### Data to use ###

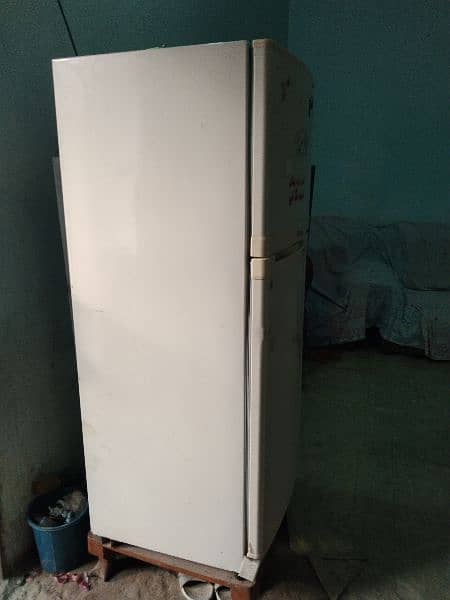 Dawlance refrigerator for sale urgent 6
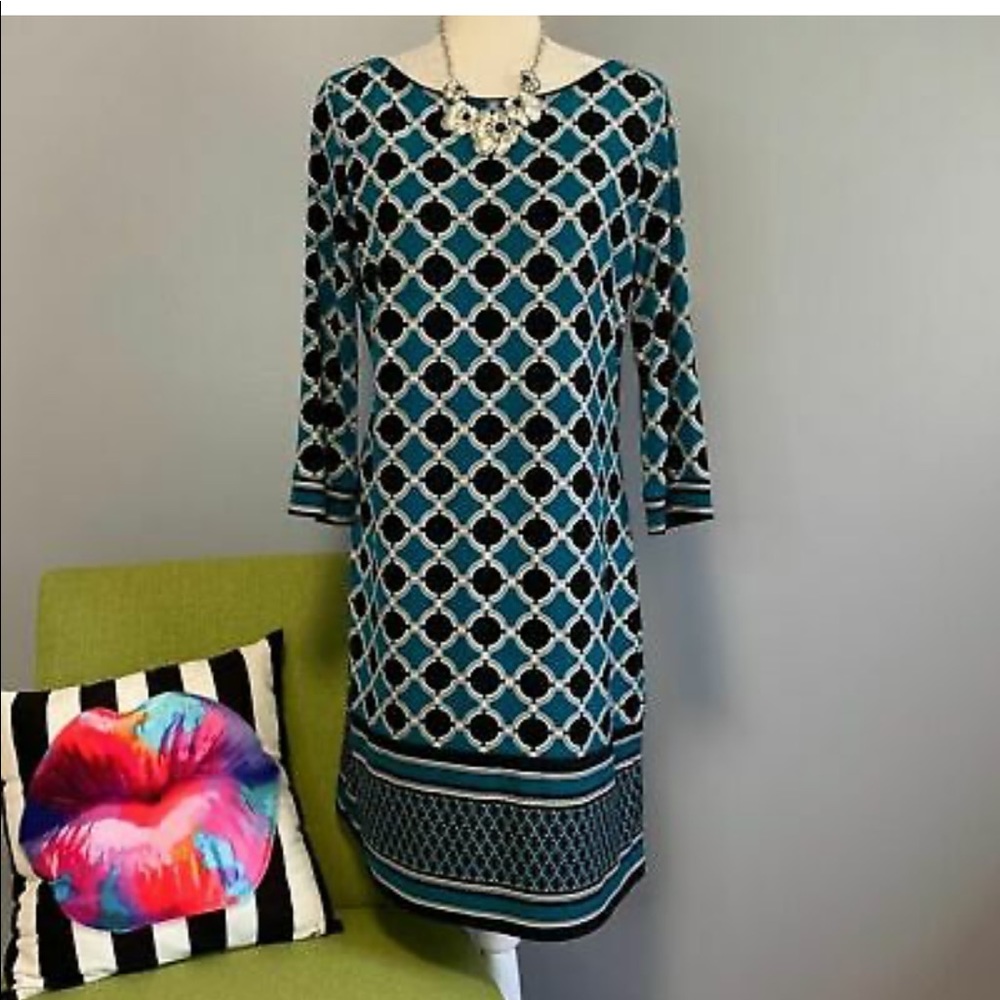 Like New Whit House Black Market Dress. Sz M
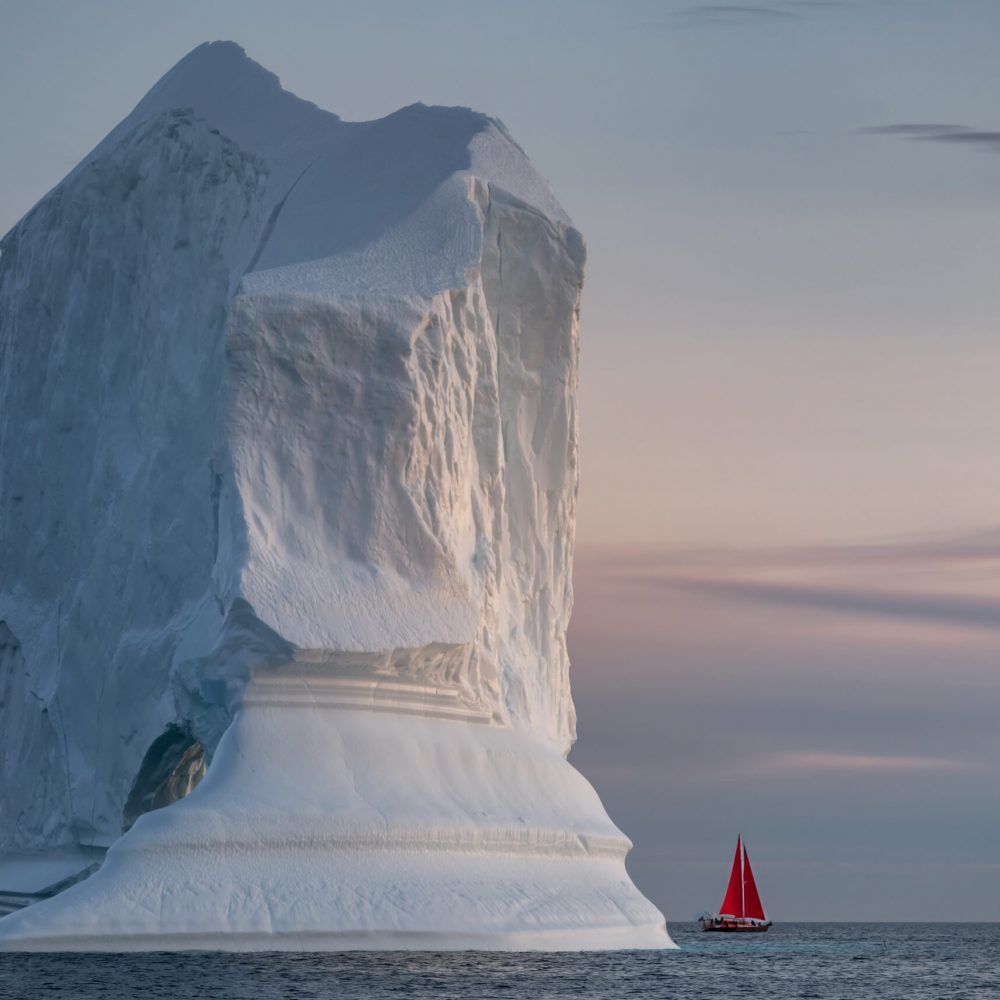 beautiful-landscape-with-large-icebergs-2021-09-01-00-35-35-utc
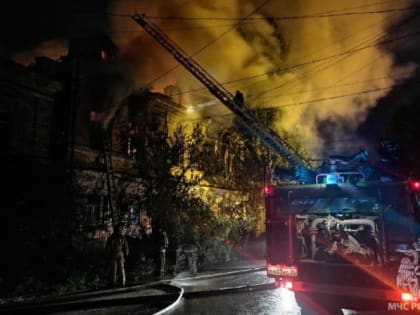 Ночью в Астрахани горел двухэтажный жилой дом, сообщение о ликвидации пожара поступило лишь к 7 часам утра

###
### Data to use ###

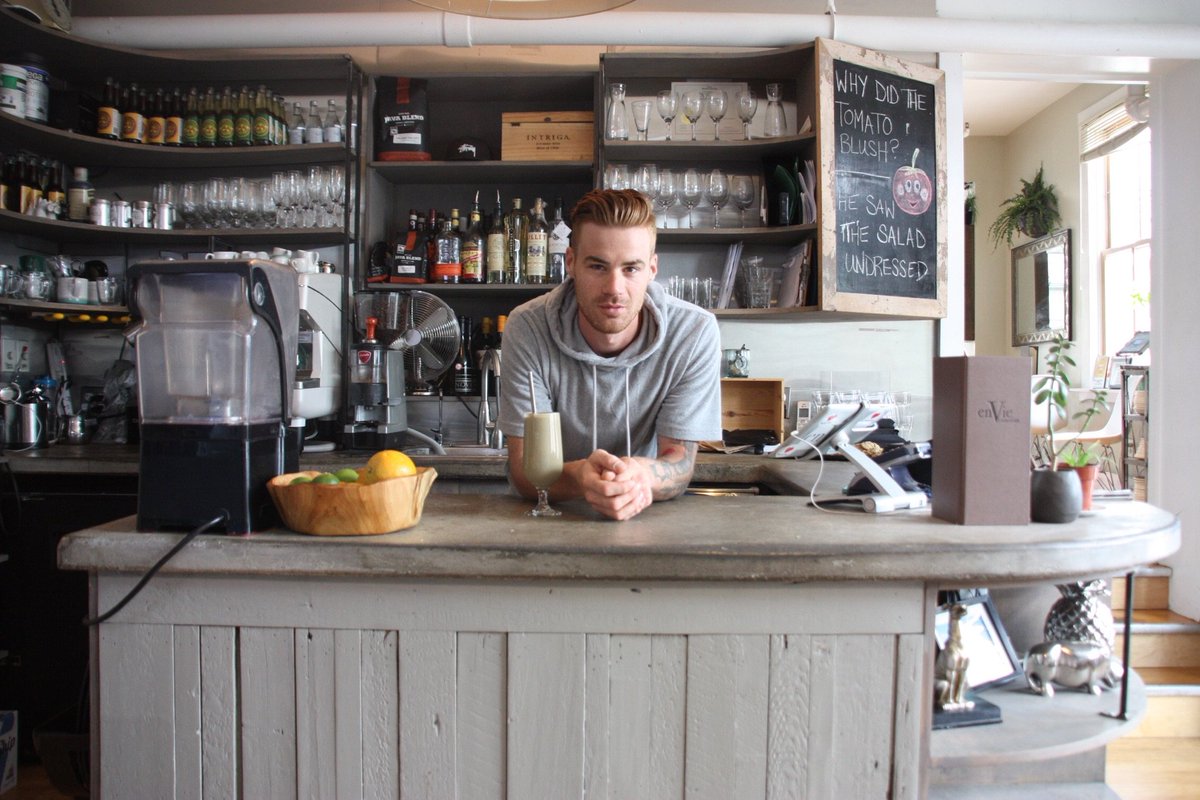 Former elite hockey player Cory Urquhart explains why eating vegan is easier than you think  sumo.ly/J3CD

###

◆ **Directions**
Repeat the lines above exactly, beginning with the one containing "Dawlance refrigerator for sale urgent 6" and finishing with the one containing "Ночью в Астрахани". No pictures belong in the copy.

◆ **Solution below**
 Dawlance refrigerator for sale urgent 6
 Like New Whit House Black Market Dress. Sz M
 beautiful-landscape-with-large-icebergs-2021-09-01-00-35-35-utc
 Ночью в Астрахани горел двухэтажный жилой дом, сообщение о ликвидации пожара поступило лишь к 7 часам утра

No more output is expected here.